#### Listed entries
# # # # #

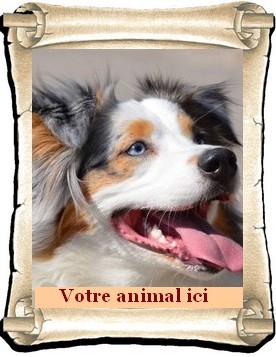 Votre animal ici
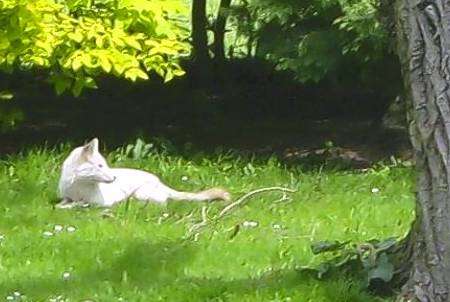 A bright white fox has been snapped in the grounds of Buss Farm, Bethersden.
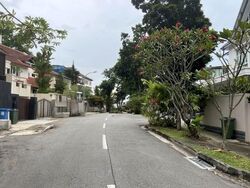 Shamrock Park (D10), Semi-Detached #619411871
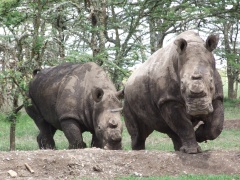 Vyšetření nosorožců v Africe má svá rizika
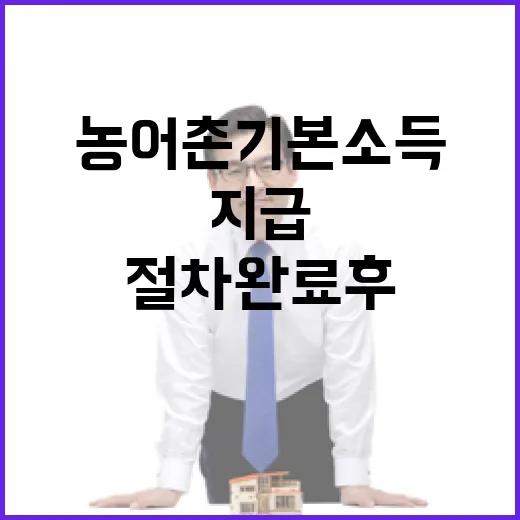 농어촌 기본소득, 절차 완료 후 지급 검토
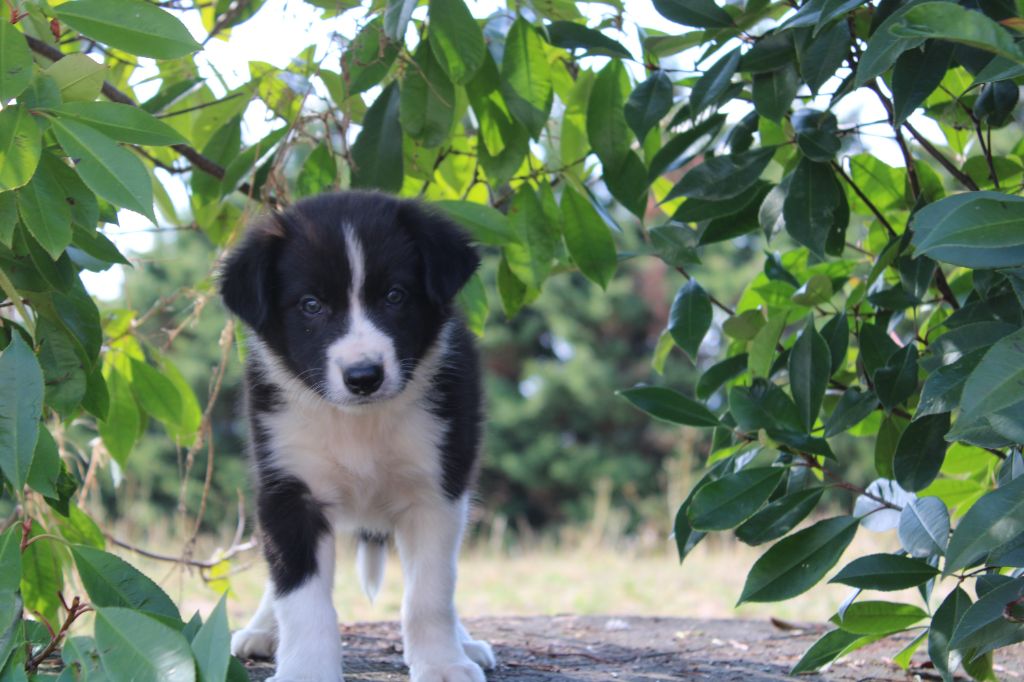 La Seigneurie Du Domaine D'Eole - Chiots disponibles - Border Collie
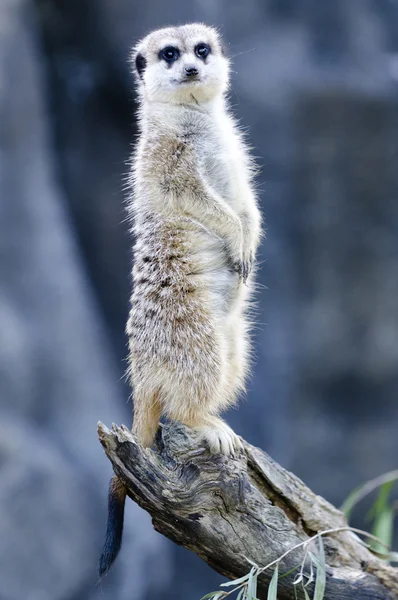 Дикая природа и животные - Meerkat — стоковое фото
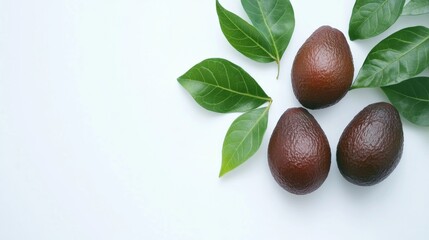 Fresh Avocados with Leaves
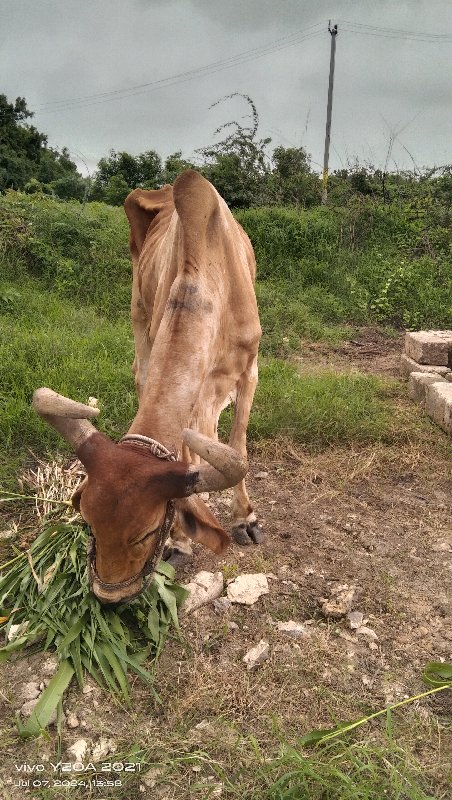 બળદ વેચવાનો છે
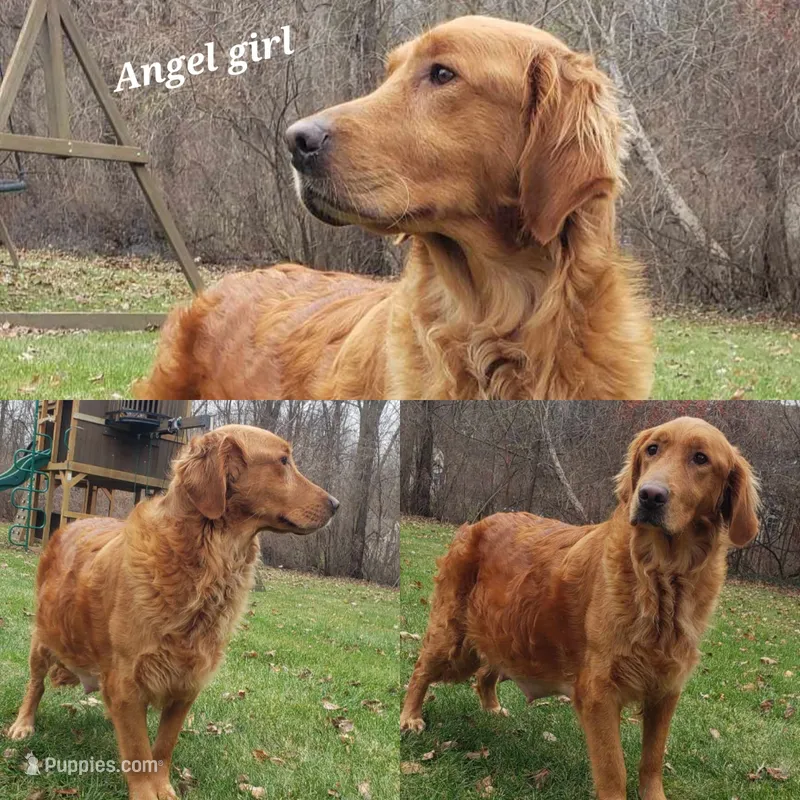 Angel girl Golden retriever 4 – Golden Retriever puppy for sale in Michigan, MI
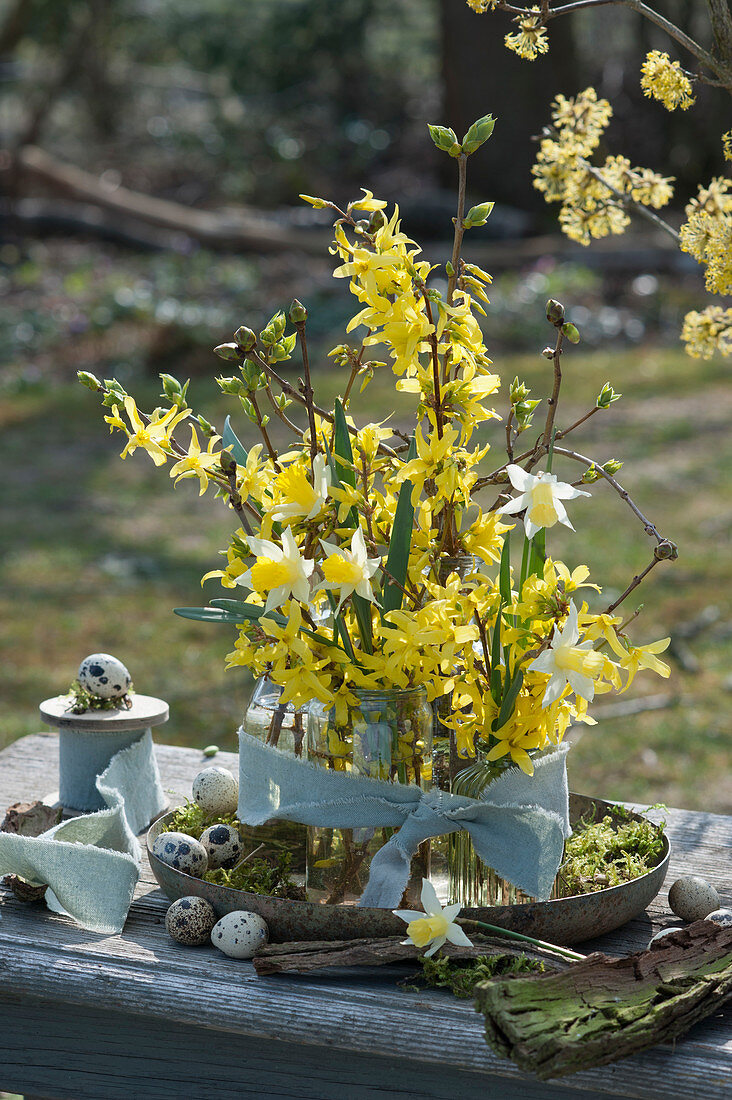 Easter decoration with gold bells and daffodils bouquets in bottles, tied with ribbon on a bowl with moss, quail eggs as decoration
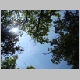 DSC04636.JPG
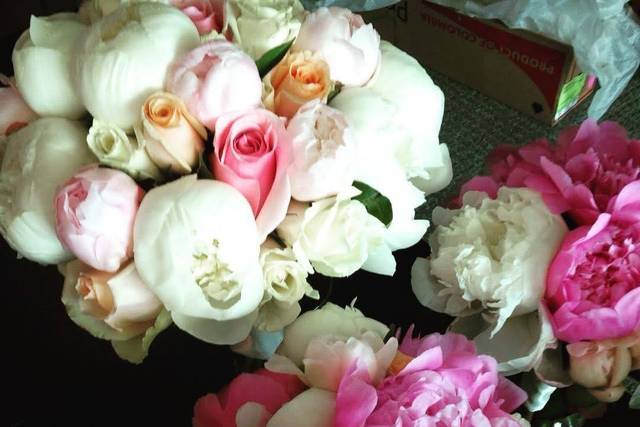 Peony delights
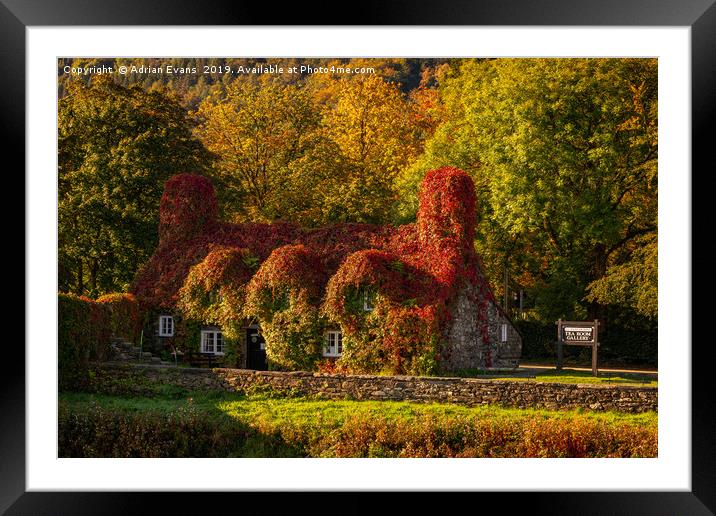 Llanrwst Tea Room Autumn Framed Mounted Print by Adrian Evans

# # # # #

#### About this exercise
Omit the pictures and return exactly the lines from the line containing "농어촌 기본소득, 절차 완료 후 지급 검토" through the final line of the material above, both ends included.

#### Solution for this problem
 농어촌 기본소득, 절차 완료 후 지급 검토
 La Seigneurie Du Domaine D'Eole - Chiots disponibles - Border Collie
 Дикая природа и животные - Meerkat — стоковое фото
 Fresh Avocados with Leaves
 બળદ વેચવાનો છે
 Angel girl Golden retriever 4 – Golden Retriever puppy for sale in Michigan, MI
 Easter decoration with gold bells and daffodils bouquets in bottles, tied with ribbon on a bowl with moss, quail eggs as decoration
 DSC04636.JPG
 Peony delights
 Llanrwst Tea Room Autumn Framed Mounted Print by Adrian Evans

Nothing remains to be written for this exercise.